January 25, 2008 at 4:05 pm
ari
Oh, here it is. You’re right. Fixed.
January 25, 2008 at 11:41 pm
teofilo
For most of the century, there’s no federal government (shudder) to keep things neat and organized.
That’s just the way I likes it. Once there’s a federal government to keep things organized it gets all boring. The seventeenth century is teh awesome.
As it happens, I am actually in the middle of reading American Colonies right now, and am just about to get to the eighteenth century. So, uh, thanks for the validation.
January 26, 2008 at 12:16 am
ari
We’re a full-service blog. Validation is our middle name.
January 27, 2008 at 1:48 am
Hemlock
I commend you and the History Channel for both choices. I read some of those comments on the Mystic Massacre. A couple of viewers speculated about some sorta left-wing conspiracy surrounding that piece. I’m sorry: most U.S. historians and most college-level history survey texts argue that both sides committed atrocities. However, they usually add that each side viewed war, violence, and captivity through different cultural lenses.
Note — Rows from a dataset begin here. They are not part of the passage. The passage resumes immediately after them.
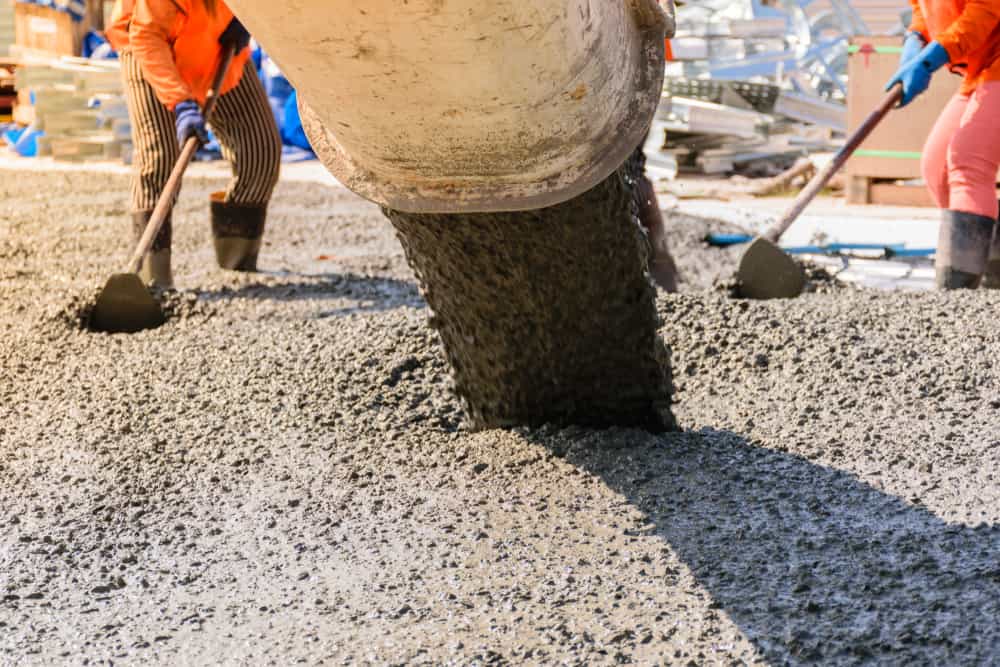 Concrete work services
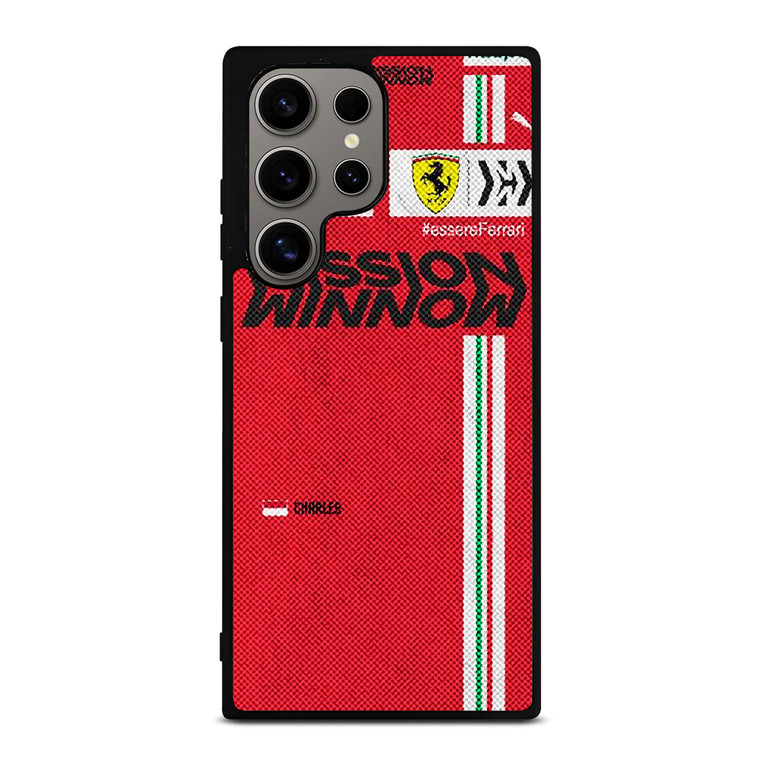 SCUDERIA FERRARI F1 JERSEY 2021 Samsung Galaxy S24 Ultra Case Cover
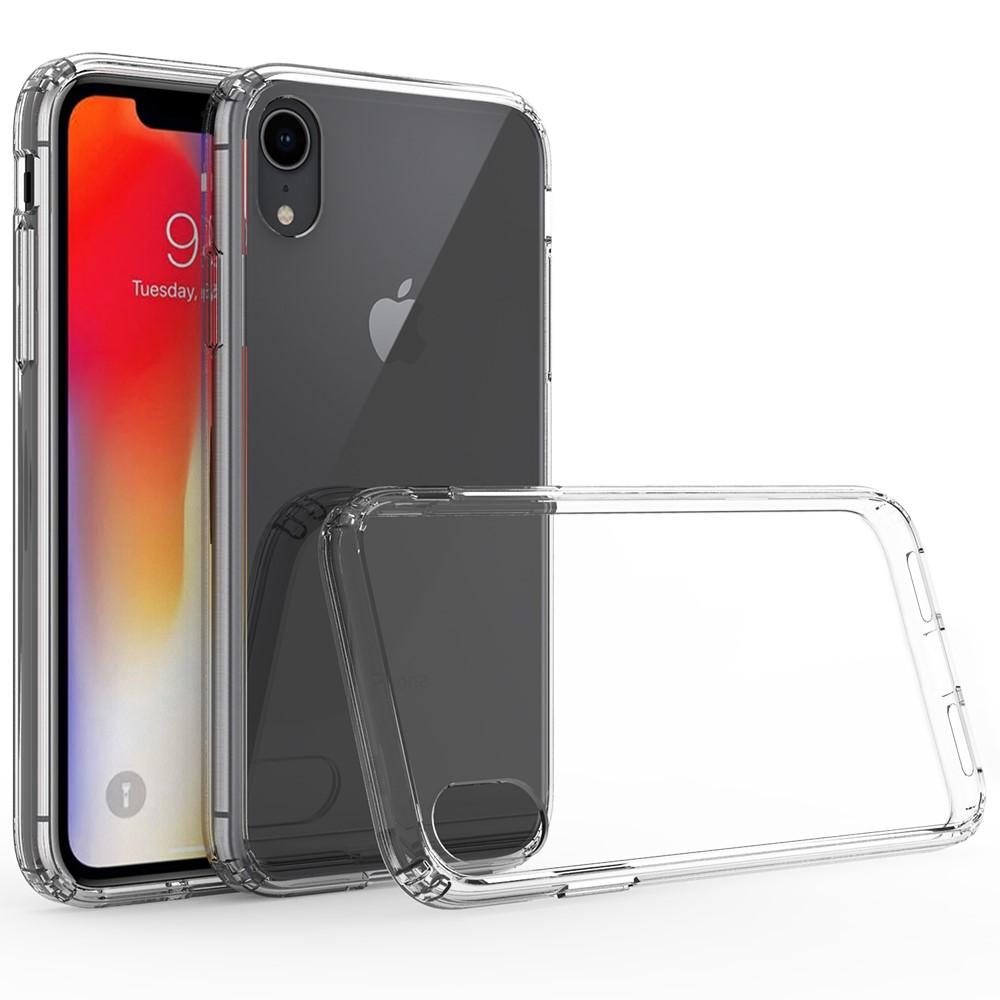 Crystal Hybrid Case iPhone Xr transparant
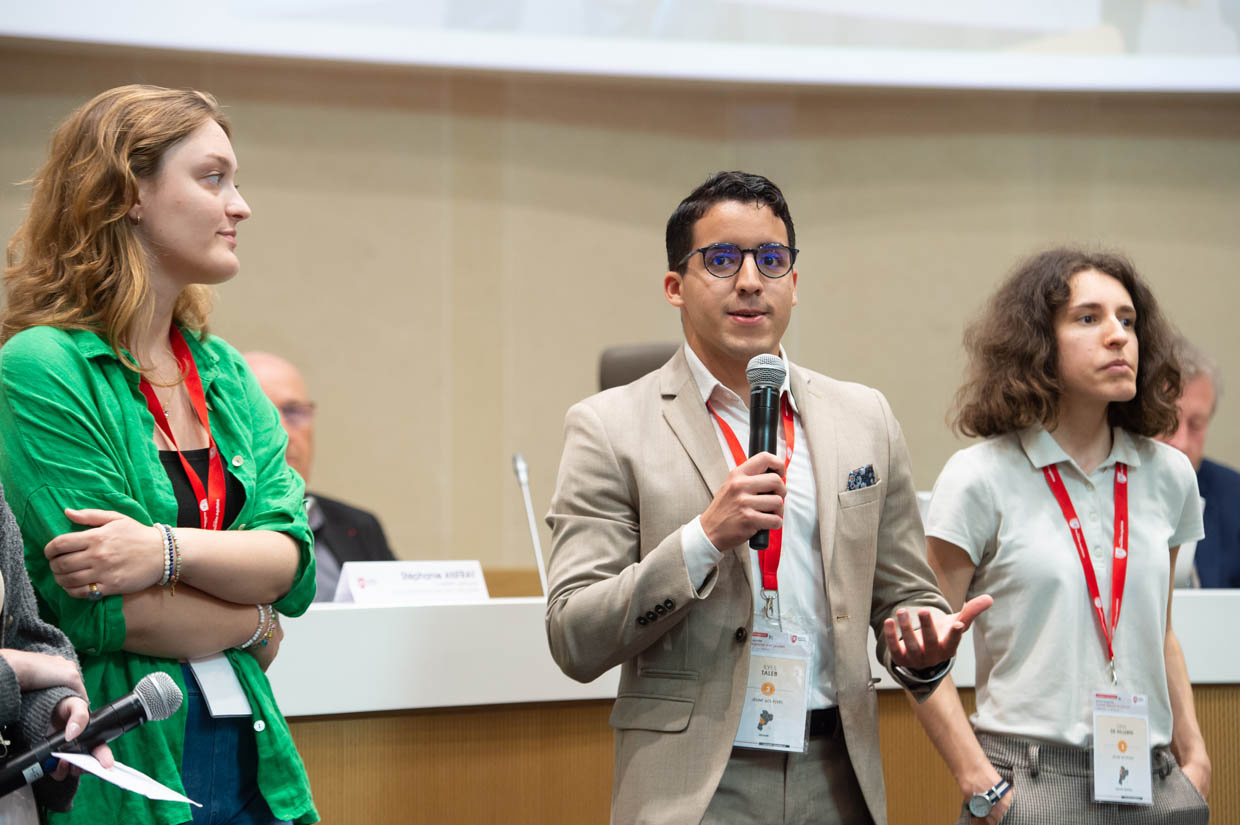 Ilyes Taleb , 24 ans (Bordeaux, 33) - CRJ 3 juin 2023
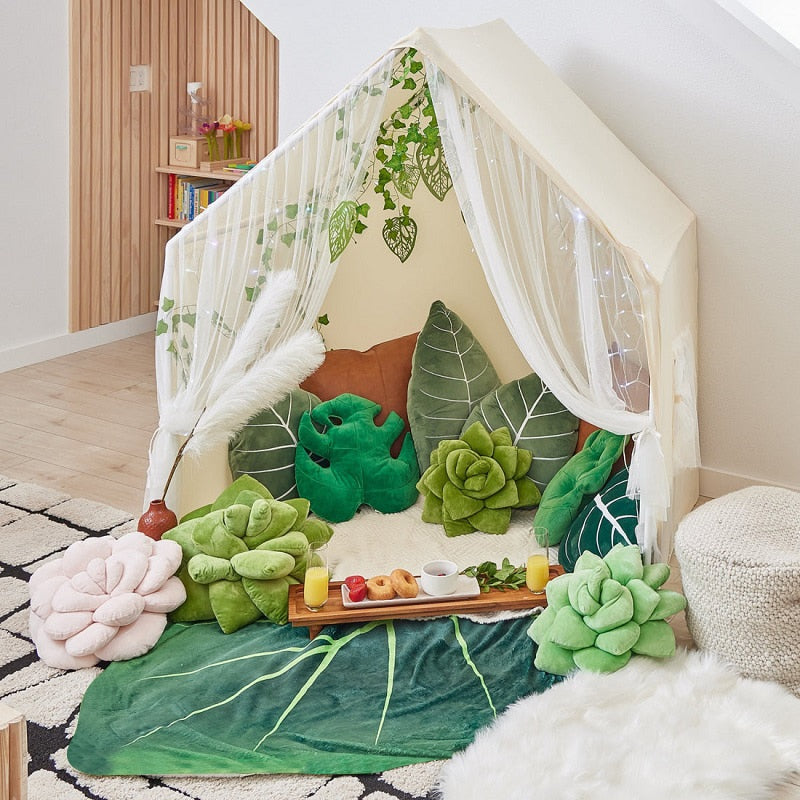 Sikunuo | Super Soft Giant Leaf Blanket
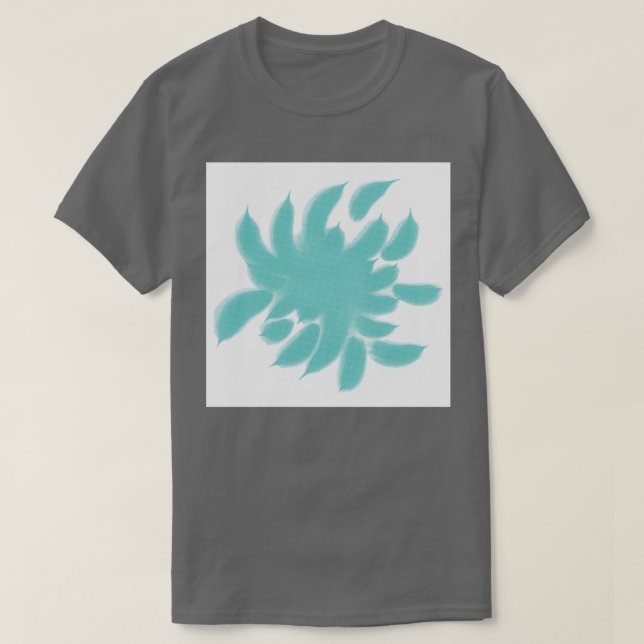 Camiseta flor5 (Frente do Design)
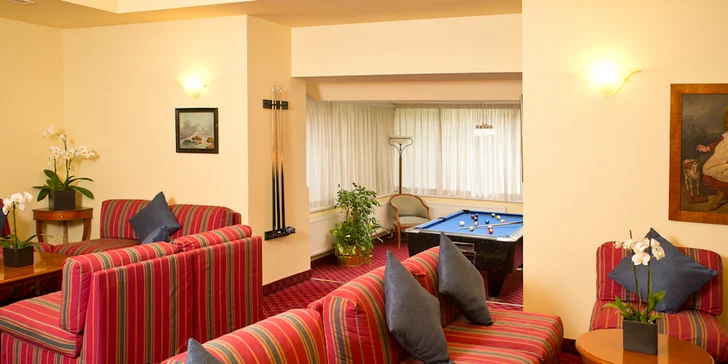 Pražský Hotel Saint George*** blízko centra - wellness a snídaně v ceně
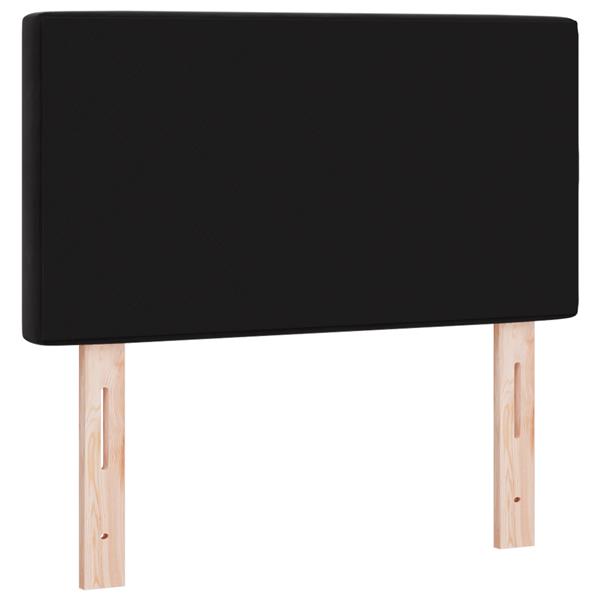 Grote foto vidaxl hoofdbord met kristallen knopen 80 cm fluweel zwart antiek en kunst stoelen en banken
Same holds true for King Philip’s War, Jamestown encounters, etc. Still–atrocities on both sides remind students of the horrors of colonization and ecological imperialism.
In any case, approximately 600-700 Pequots died in the Mystic Massacre. Most burned to death. The lucky few who escaped were shot dead or decapitated. All in one day. When’s the last time you heard an Indian war party killing 700 Americans in 24 hours? If the History Channel didn’t present a “balanced portrait,” it’s pretty understandable. I don’t think anyone (scholars included) is in any position to criticize the producers. A left-wing takeover of the History Channel? Say what??